Atilla Güney bizim gazeteye geldi, bana dedi ki:
“Biz aslında sokakta çalışan gazetecilerle yapıyoruz söyleşiyi. Sen bizim hedef kitleye girmiyorsun ya, neyse…”
Ne deyim?
Oturup bir akademisyenle gazetecilik pratiğimi tartışacak halim yok ya.
“Peki” dedim.
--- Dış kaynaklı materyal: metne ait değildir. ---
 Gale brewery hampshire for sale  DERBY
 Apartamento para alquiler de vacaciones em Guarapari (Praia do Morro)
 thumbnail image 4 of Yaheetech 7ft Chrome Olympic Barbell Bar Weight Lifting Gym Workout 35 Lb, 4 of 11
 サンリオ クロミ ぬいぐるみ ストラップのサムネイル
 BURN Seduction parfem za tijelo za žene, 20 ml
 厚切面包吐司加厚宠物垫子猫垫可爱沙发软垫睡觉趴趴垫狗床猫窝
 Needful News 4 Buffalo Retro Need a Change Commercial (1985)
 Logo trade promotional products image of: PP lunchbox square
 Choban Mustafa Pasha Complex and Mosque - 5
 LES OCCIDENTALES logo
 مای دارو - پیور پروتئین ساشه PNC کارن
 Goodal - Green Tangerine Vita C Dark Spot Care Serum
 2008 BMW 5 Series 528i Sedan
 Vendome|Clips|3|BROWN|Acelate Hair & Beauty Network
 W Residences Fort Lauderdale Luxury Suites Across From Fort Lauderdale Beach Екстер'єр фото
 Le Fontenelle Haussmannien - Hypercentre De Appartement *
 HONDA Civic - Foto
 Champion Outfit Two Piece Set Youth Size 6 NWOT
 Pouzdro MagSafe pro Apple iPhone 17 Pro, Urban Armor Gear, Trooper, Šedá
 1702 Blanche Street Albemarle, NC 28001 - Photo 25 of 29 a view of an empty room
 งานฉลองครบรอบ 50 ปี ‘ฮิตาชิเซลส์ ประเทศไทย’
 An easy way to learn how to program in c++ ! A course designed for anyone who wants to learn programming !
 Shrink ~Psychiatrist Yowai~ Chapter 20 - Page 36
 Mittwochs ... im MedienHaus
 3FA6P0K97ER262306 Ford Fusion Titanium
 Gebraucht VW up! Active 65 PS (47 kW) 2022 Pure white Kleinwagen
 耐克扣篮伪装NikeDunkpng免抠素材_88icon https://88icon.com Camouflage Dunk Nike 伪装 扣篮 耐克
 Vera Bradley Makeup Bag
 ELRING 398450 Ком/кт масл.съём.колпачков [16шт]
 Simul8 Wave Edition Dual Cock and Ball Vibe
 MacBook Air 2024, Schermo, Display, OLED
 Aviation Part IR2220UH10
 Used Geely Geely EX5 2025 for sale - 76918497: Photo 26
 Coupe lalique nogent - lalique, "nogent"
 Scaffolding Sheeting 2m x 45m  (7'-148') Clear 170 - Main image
Ve başka bir şey demedim.
*
Dün Dünya Basın Özgürlüğü Günü idi.
Bu yazıyı kaleme alayım mı diye düşündüm.
İlhan Selçuk gibi, tam bir gün düşündüm.
E TGS başkanının sözlerini 1 yıldır, Atilla hocanın sözlerini de 1 aydır düşünüyordum zaten.
Etti mi sana 13 ay bir gün!
Ve yazmaya karar verdim.
Emeğin görünmez olmasına sessiz kalmak doğru olmazdı.
Bir gazetecilik tarzının görünmez olmasına da sessiz kalmak doğru olmazdı.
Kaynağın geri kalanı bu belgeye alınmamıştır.